This article originally appeared at The Agon.

ESPN is giving a good deal of attention to the story of Army Lt. Col. Greg Gadson, a wounded Iraq War veteran and supporter of the New York Giants. In many ways, there are compelling reasons for this attention.

Gadson was injured in Iraq when his vehicle was hit by an improvised explosive device (IED). Although doctors were able to save his life, they were forced to amputate both of his legs after post-surgery infections caused complications. In the subsequent months, as Gadson has adjusted to a world without legs, he has built a relationship with the New York Giants.

A former teammate of Gadson's from West Point is now a Giants coach. They re-connected after Gadson's injury, and wide receivers coach Mike Sullivan introduced his old friend to members of the team. Understandbly, Gadson's experience was eye-opening for these professional football players.

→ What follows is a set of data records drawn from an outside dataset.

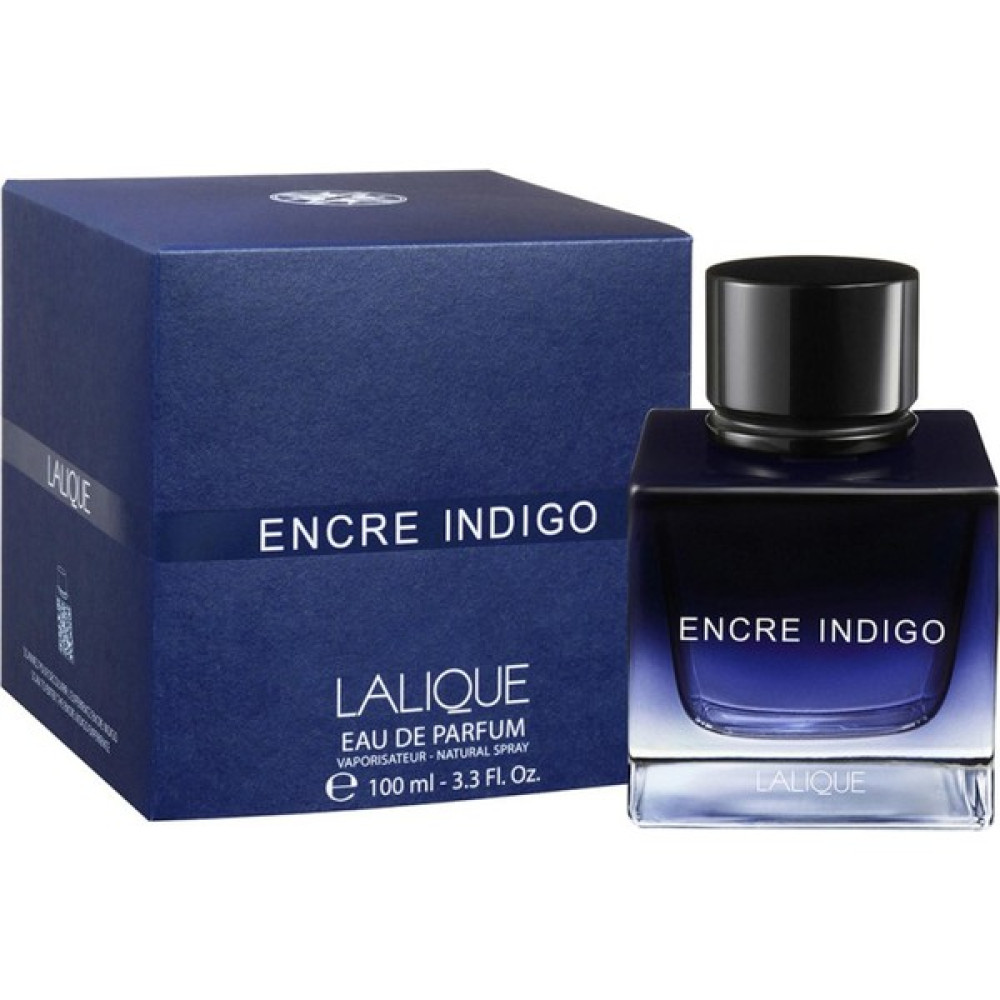 Lalique Encre İndigo EDP 100 ml Erkek Parfümleri Fiyatı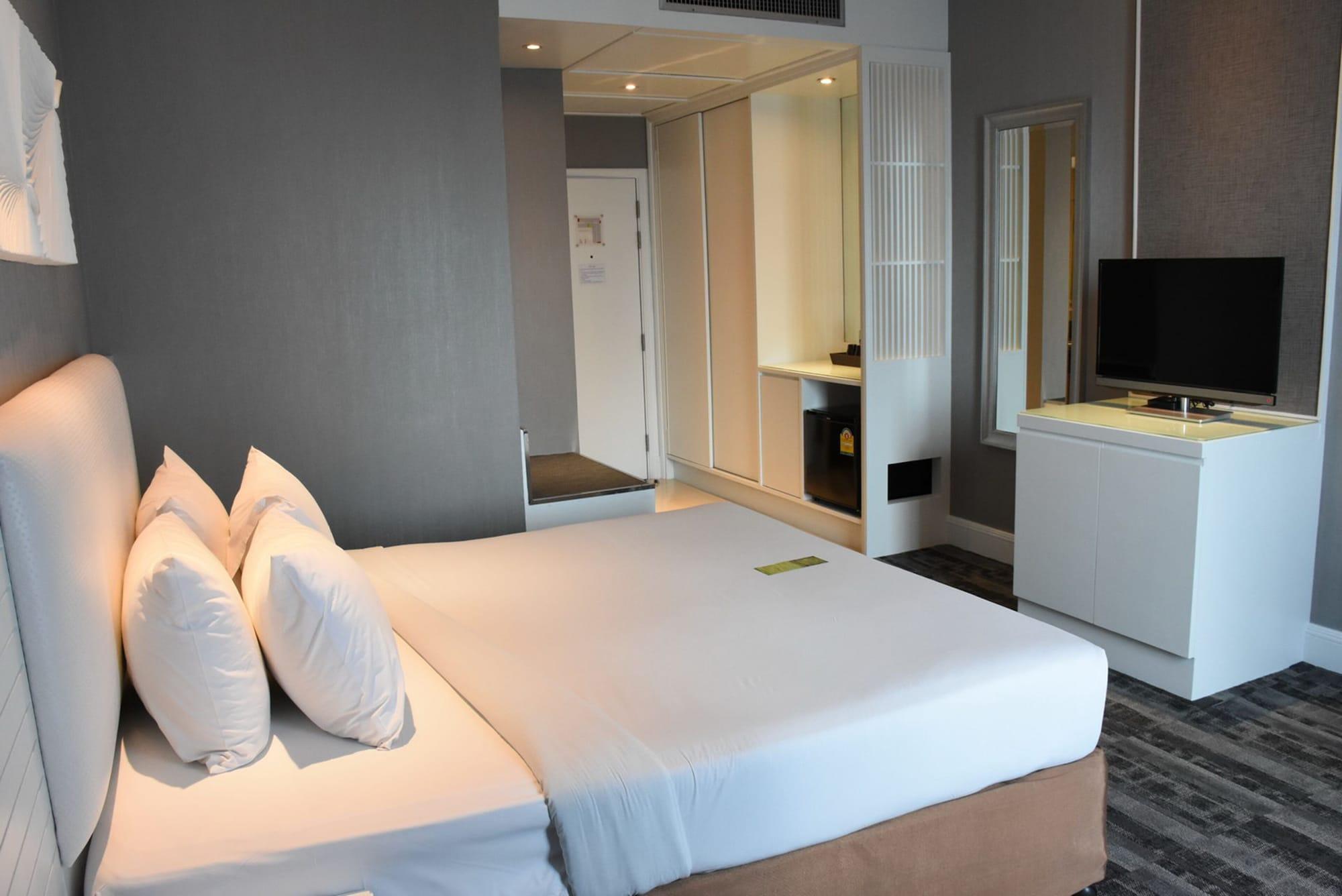 Grand Richmond Stylish Convention Nonthaburi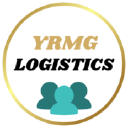 YRMG LOGISTICS logo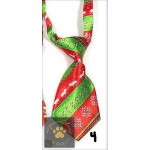Holiday Pet Ties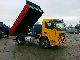 2000 Volvo  FM7 290 / 3s truck nowy! Truck over 7.5t Tipper photo 3
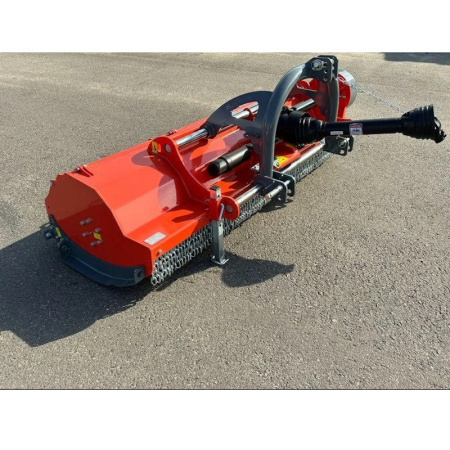 Косилка молотковая Rossel MENASOR 220A-T от интернет-магазина rossel.by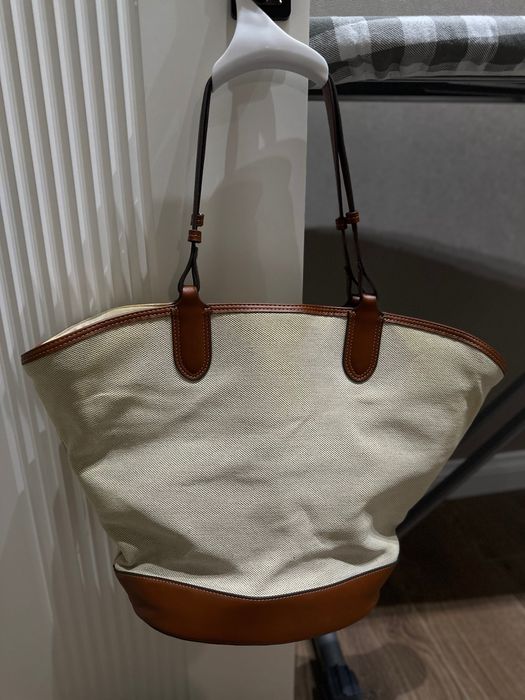 Сумка Зара Zara бу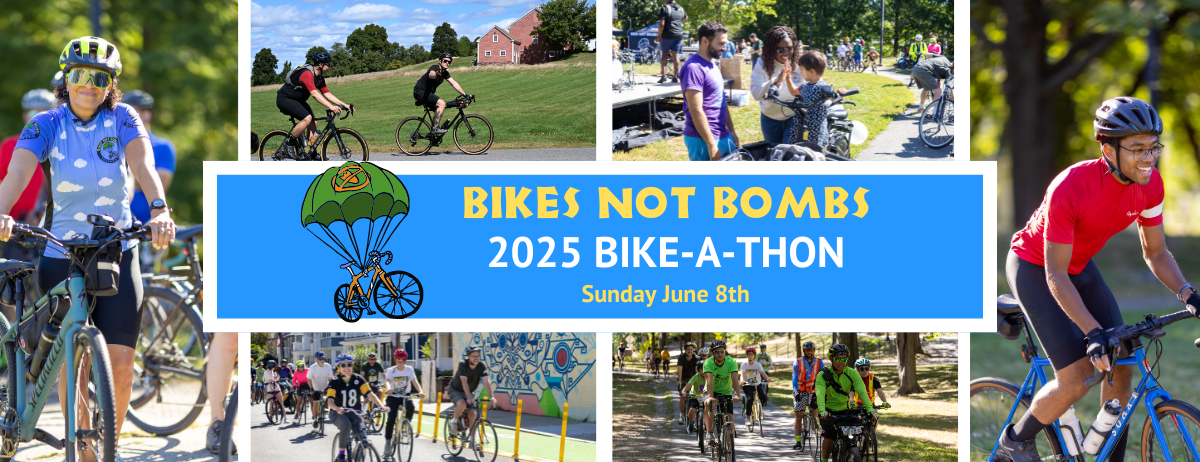 Bike-A-Thon 2025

As linebacker Antonio Pierce said:

"Coaches and everybody always want to say football is like war, it's a battle -- no. This guy, he lives in the real war, the real battle. He knows what it's like to hear bombs and stuff going off. We're playing a kids' game, trying to have fun. He put that in perspective: Enjoy life, enjoy the moment, enjoy what you're doing, because it's rougher out there than what you really think it is."

This makes sense to me, as it reminds us of the human costs of war and, at the same time, encourages us not to take sport quite so seriously. But there's more, of course. And this is precisely why I pay attention to these things as a scholar. Mid-way through the story, Giants coach Tom Coughlin summarized the ideological underpinnings of stories like this one:

"I have so much respect for those serving our country in Iraq. He's a real hero, he's the real deal. This is a guy who's given a tremendous sacrifice of himself so we can sleep under the blanket of freedom, so I wanted to meet this guy."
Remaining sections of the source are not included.